MANAGEMENT OF MUSCLE PAIN
In Pain Management in Special Circumstances, authors Ahmed El Geziry et al. explained that the goals of non-pharmacological interventions are to decrease fear, distress, and anxiety, and to reduce pain and provide patients with a sense of control. “When deciding the most effective non-pharmacological technique, take into consideration the patient’s age, developmental level, medical history and prior experiences, current degree of pain, and/or anticipated pain. The advantage of non-pharmacological treatments is that they are relatively inexpensive and safe,” the authors said.
Fortunately, when non-pharmacological interventions aren’t enough, there are various classes of medicines that may be used in the management of muscle pain and injury. The two most common classes include narcotic analgesics and non-narcotic analgesics. “These agents have different mechanisms of action and will therefore have different side effects which should be taken into consideration when dispensing these agents to patients,” said Prof Schellack. Relevant analgesics can be taken orally (tablet or syrup), or topically (gel, cream, or patch). The benefit of topical application is that it provides localised pain relief.
- Non-narcotic analgesics: There are several non-narcotic analgesic agents available on the market for the management of pain. These medicines include paracetamol and NSAIDs like ibuprofen and diclofenac. Used to treat mild to moderate pain, when used in combination with a narcotic analgesic, these medicines can be used to manage severe pain.

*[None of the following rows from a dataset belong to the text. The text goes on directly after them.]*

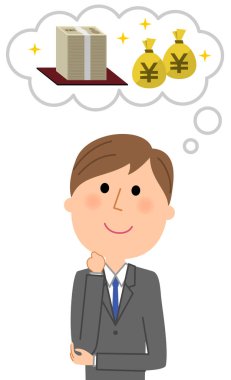 Genç işadamı, büyük maliyet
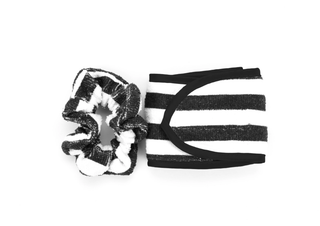 Lemon Lavender High & Dry Microfiber Scrunchie/Headband Duo
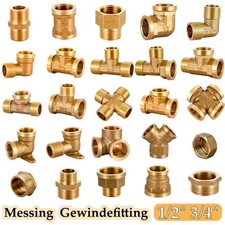 Gewindefitting Messing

- Narcotic analgesics: The third step in the pain treatment ladder, these provide analgesia for moderate to severe pain for the vast majority of patients and with a wide margin of safety Prof Schellack said. “This group includes codeine, morphine, oxycodone, methadone, fentanyl, and pethidine. Opioids can be divided into weak and strong opioids. Weak opioids are used alone or in combination with other analgesics, in the management of moderate pain. Strong opioids are usually reserved for severe pain.”

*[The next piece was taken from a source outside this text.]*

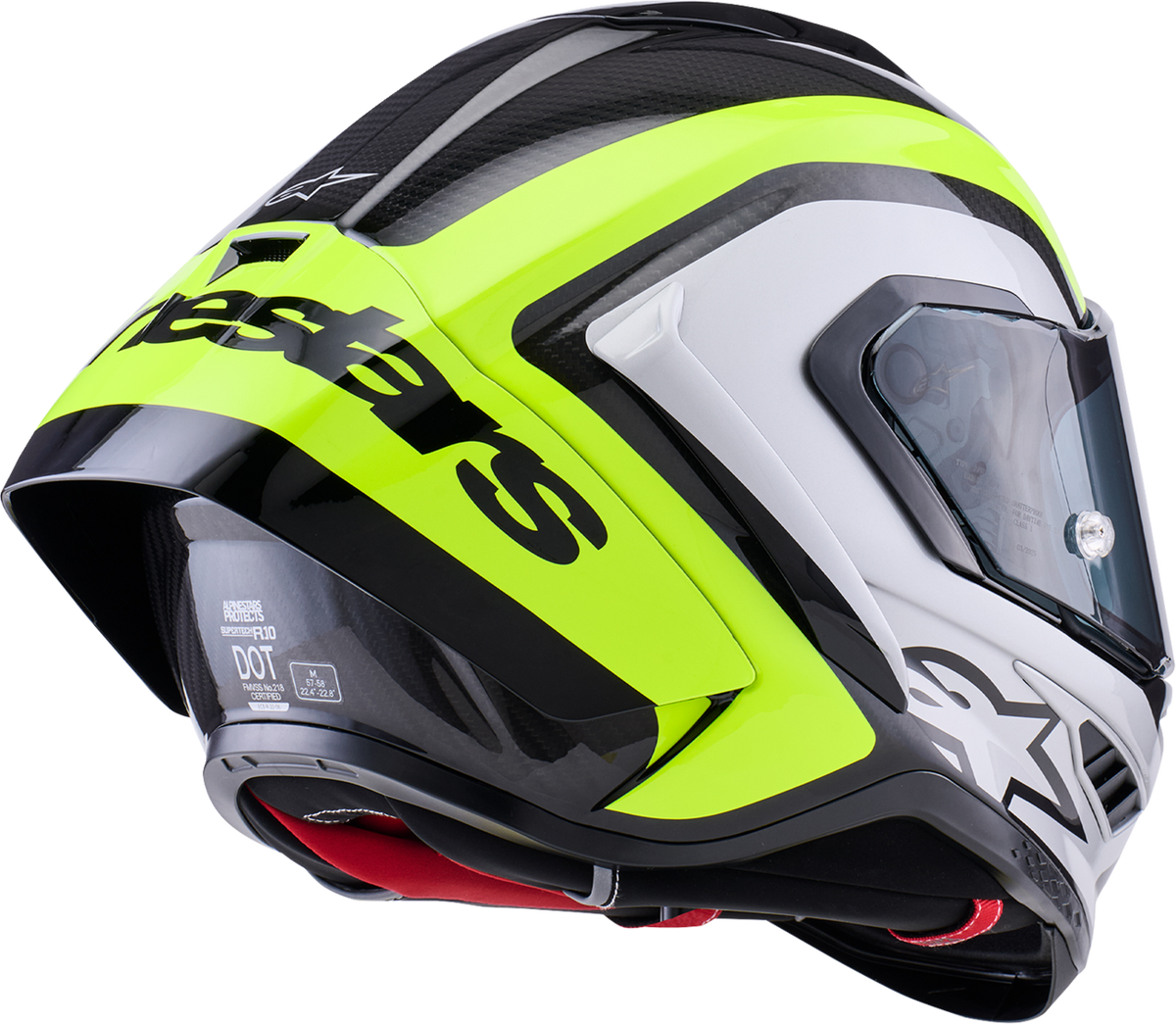 ALPINESTARS Supertech R10 Helmet - 22.06 - Arius - Gloss Black/Silver/Yellow Fluo - 2XL 8203926-1699-2XL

ADJUVANTS: “Adjuvant therapy is sometimes necessary to manage the side effects of pain medication, provide symptom relief, treat anxiety, and manage related or underlying conditions,” Prof Schellack explained. “This is because patients with chronic pain are more likely to report anxiety, depression, neuropathic pain, and significant activity limitations. Examples of adjuvant medicines include corticosteroids, anxiolytics, antidepressants, hypnotics, and anticonvulsants/antiepileptic agents.”